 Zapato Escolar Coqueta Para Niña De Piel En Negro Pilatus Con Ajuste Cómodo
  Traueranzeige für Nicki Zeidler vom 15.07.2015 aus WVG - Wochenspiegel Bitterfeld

------------------------------------------------

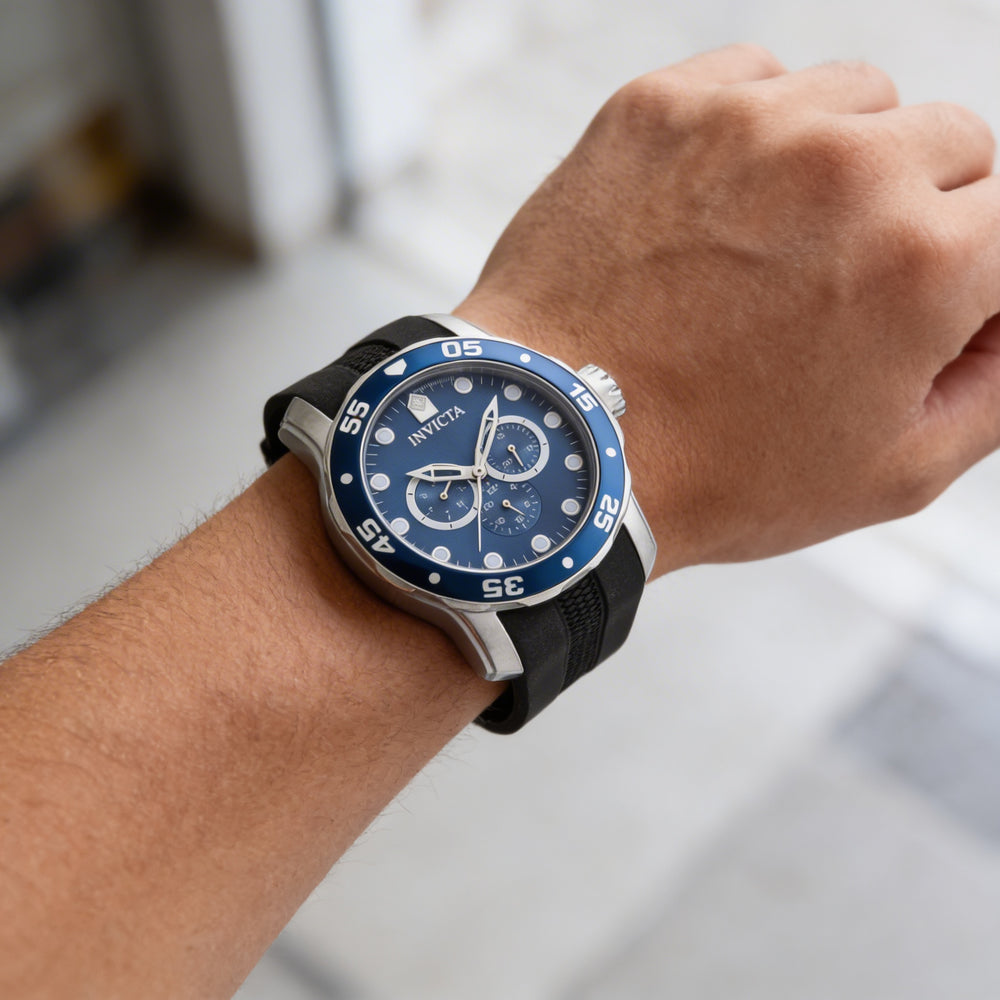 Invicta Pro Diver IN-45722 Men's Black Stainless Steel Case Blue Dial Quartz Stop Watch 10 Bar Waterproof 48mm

------------------------------------------------

◆ **What you should do**
Only the lines above from the one with "Zapato Escolar Coqueta" up to and including the one with "Traueranzeige für Nicki" should be repeated, exactly as written.

◆ **Response**
 Zapato Escolar Coqueta Para Niña De Piel En Negro Pilatus Con Ajuste Cómodo
  Traueranzeige für Nicki Zeidler vom 15.07.2015 aus WVG - Wochenspiegel Bitterfeld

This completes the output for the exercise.